Let's just say there's a reason that "suede" rhymes with "laid".
His facebook status was woke up with a whale ..... Captain AHAB IS BACK !!!!!
Good lord, they've set up every firework to be ignited by a trail of gasoline at midnight. God save us all.
Printed off fake 'Producer' Sundance badges for us. Pretty sure they double as free passes for getting laid by 'actresses'. Testing this theory tonight.
I was drunk petting a fox and taking shots of Jager. That's about as outdoorsy as it gets.
The only thing I'm asking santa for is my period.
And vodka?
And vodka.
Oh I will totally be your beard, but on one condition I get to watch you and your boy friend have sex.
I think I may be the only girl in the world that can say she has fallen asleep grasping a penis..... 3 different times...... 3 different penises
I didn't have toilet paper until 20 minutes ago. But I have champagne. Priorities.
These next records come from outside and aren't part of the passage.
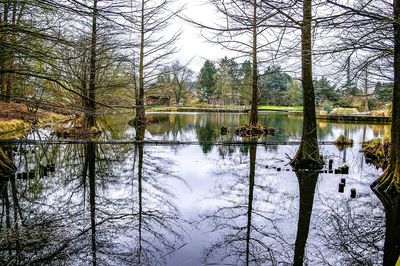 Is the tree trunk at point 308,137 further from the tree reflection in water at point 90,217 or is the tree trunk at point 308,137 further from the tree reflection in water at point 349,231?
the tree reflection in water at point 90,217

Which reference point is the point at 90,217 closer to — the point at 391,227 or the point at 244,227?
the point at 244,227

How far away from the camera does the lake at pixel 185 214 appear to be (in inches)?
153

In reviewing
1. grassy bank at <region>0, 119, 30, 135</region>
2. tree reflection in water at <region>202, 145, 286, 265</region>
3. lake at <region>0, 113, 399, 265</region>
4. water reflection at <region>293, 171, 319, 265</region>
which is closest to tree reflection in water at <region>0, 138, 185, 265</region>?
lake at <region>0, 113, 399, 265</region>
WE'RE MOVING TO IRELAND!!!! DON'T ASK QUESTIONS JUST BOOK THE DAMN FLIGHT!!!!
All I remember is being lured out to sit by the fire by you holding a piece of pizza in front of me
dude wtf why are there forks in my wall
does "I AM MAGNETOOOO" ring any bells, because that was you for an entire hour last night
Don't do tequila. The Devil himself spits into shot glasses and we call it tequila. You will do bad things.
If you think that liquor is the way to shower sex then you're right.
home. only unpacked the necessities...contact case and beer.